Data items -
>>>>>
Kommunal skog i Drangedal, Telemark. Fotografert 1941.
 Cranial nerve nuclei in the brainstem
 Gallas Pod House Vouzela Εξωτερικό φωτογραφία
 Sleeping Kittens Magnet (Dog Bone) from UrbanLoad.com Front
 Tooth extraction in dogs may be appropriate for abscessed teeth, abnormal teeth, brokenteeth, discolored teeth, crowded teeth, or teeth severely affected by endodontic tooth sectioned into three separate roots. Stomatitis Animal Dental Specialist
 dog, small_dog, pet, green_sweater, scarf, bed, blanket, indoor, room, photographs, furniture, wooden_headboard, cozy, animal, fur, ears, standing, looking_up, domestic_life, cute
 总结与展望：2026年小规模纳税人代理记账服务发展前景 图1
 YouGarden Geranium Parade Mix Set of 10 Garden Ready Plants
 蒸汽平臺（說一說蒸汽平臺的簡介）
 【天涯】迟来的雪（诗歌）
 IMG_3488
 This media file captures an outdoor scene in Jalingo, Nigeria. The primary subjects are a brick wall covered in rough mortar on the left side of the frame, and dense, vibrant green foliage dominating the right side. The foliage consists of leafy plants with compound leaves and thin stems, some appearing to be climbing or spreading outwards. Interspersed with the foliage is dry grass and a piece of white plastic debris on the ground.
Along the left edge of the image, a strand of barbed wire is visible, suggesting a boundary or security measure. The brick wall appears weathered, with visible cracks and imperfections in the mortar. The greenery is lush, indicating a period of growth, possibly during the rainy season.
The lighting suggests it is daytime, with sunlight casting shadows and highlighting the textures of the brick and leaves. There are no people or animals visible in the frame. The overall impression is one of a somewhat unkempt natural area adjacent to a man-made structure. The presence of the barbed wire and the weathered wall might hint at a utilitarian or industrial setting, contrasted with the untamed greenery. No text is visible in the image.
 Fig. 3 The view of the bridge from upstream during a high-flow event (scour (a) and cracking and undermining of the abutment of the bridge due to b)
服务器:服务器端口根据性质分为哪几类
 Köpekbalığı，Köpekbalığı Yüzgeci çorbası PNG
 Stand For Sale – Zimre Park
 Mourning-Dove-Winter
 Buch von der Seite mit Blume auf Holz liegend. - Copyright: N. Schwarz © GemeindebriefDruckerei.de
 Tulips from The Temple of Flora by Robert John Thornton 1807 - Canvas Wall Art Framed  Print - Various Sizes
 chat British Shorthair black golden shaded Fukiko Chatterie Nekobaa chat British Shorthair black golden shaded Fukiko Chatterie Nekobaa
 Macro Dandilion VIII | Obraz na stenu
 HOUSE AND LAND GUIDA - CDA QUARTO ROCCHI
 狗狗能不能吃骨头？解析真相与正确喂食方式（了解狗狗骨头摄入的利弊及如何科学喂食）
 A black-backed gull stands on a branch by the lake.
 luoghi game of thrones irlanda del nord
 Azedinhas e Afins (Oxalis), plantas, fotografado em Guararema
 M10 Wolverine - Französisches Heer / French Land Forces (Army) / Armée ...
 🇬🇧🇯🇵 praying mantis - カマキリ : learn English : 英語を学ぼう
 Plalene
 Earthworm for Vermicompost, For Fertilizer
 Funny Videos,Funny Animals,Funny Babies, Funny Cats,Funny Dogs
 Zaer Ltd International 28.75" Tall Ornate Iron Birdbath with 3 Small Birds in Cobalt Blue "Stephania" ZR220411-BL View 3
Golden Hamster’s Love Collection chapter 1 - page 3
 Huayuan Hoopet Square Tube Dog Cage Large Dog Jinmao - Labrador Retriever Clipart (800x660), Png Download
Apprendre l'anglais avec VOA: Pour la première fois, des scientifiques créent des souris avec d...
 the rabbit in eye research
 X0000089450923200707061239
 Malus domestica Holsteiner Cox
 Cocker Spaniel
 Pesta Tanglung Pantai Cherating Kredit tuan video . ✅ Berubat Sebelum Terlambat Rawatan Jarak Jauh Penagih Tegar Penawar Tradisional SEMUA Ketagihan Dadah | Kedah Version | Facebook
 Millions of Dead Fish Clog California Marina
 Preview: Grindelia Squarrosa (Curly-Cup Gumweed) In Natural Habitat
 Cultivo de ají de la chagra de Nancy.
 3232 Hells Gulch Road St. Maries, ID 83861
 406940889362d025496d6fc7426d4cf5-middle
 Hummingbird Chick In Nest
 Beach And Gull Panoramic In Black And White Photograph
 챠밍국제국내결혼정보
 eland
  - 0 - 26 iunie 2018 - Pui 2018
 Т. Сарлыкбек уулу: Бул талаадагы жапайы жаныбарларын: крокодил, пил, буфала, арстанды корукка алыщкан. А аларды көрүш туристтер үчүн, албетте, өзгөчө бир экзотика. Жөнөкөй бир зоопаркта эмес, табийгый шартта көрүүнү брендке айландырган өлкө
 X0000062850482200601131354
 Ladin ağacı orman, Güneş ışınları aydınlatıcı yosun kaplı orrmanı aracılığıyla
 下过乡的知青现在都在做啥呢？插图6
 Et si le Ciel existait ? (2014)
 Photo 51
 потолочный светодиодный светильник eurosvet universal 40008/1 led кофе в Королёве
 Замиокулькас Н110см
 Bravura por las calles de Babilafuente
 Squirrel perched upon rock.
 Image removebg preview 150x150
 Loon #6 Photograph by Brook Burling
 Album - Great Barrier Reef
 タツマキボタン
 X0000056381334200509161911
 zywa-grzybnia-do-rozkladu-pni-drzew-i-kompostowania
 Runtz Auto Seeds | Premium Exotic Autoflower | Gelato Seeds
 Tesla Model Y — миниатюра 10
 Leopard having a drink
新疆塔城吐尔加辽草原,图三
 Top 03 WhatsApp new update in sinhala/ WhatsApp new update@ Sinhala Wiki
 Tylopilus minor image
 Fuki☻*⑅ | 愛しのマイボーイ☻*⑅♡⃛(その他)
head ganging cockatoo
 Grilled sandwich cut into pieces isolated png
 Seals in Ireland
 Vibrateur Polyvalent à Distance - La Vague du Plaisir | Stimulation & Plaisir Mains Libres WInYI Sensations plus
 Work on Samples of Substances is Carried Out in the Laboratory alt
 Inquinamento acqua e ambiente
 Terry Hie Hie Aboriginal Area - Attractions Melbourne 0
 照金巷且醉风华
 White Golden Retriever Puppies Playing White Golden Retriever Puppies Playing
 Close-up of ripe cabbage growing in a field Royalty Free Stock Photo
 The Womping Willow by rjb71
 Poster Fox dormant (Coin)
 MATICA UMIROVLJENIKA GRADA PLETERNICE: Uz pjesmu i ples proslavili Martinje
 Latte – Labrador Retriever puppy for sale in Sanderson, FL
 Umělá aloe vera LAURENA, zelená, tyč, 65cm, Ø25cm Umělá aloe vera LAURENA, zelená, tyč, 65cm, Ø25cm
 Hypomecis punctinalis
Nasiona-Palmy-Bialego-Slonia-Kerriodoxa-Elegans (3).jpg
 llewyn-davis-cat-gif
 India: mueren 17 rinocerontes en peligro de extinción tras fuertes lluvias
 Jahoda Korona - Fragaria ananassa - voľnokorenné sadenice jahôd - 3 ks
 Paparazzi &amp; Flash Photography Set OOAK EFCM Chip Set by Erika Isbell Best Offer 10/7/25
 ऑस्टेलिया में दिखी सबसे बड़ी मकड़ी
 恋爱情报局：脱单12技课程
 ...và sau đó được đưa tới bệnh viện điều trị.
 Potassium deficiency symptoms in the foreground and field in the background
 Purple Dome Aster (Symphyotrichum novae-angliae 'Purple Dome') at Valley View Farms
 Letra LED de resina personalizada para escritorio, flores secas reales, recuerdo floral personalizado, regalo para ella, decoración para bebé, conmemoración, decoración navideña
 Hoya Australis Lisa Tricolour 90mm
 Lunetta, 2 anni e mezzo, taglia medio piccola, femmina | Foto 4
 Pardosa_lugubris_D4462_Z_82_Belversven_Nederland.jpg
<<<<<
Work task - Stopping at the line containing "Sleeping Kittens Magnet", please repeat exactly every line from the very start of the entries, that line included, and nothing more.

Problem solution -
Kommunal skog i Drangedal, Telemark. Fotografert 1941.
 Cranial nerve nuclei in the brainstem
 Gallas Pod House Vouzela Εξωτερικό φωτογραφία
 Sleeping Kittens Magnet (Dog Bone) from UrbanLoad.com Front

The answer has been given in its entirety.